Repeat the line that contains "Baja Designs S1" exactly, along with each following line up to and including the last line of the entries.

******************************

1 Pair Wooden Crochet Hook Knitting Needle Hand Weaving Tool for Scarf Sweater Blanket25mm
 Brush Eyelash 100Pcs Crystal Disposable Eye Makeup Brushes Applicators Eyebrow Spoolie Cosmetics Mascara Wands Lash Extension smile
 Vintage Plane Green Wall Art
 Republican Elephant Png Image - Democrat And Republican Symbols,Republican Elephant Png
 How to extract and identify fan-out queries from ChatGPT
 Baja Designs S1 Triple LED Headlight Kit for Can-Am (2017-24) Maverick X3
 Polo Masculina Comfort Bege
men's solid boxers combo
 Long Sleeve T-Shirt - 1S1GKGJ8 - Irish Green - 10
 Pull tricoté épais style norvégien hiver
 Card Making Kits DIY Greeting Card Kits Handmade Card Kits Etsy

******************************

▶ **Answer box**:
 Baja Designs S1 Triple LED Headlight Kit for Can-Am (2017-24) Maverick X3
 Polo Masculina Comfort Bege
men's solid boxers combo
 Long Sleeve T-Shirt - 1S1GKGJ8 - Irish Green - 10
 Pull tricoté épais style norvégien hiver
 Card Making Kits DIY Greeting Card Kits Handmade Card Kits Etsy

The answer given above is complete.